Sunday, March 12, 2017

Alligator Pear

Pop quiz:
Who is familiar with the term "alligator pear" as a name for an avocado?
That's what my grandparents called them.1 Is that an around-here thing? (I could Google it, but that's no fun.) Really, it's a pretty good name, like if an alligator and a pear had a baby, all green and bumpy:

(Though actually if they had a baby, it would probably have teeth, and the thought of an avocado with teeth is horrifying, so let's not think about that.)

I don't really hear it much these days, but maybe I'm just traveling in the wrong circles. I'm going to have to try it on for size (Avocado pear, avocado pear, acovado pear, avopado care, occupado bear, I walk out O'Hare...)

1 That was one of the many culinary peculiarities I had to adapt to when I came to visit my grandparents from the northern hinterlands (and beyond); that, and calling mayonnaise "my-oh-nez" and saying grace and having a soup course and "French bread" (po-boy bread) and eating tomato aspic and cows' tongues and pigs' feet and merlitons and creole cream cheese and pain perdu and animals that still had their eyes...


  1. Of course. But I grew up eating at that same table one or two Times a week. Alligator pear was common usage. Thinking of your grandmother's table. Were you ever served V8 as soup?

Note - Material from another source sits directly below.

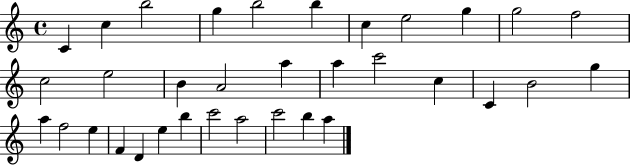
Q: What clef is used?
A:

    1. Hmm, I don't remember actual V8, but there was definitely plenty of Campbell's Tomato Soup. In hindsight, it strikes me as a funny pleasing mismatch: stick to the slow old-line formality of a multi-course meal, including a soup course, but implementing it with the quick-and-easy convenience of canned soup.

  2. Florida avocados (larger with smooth skin) were much more common than the smaller California (Haas) variety).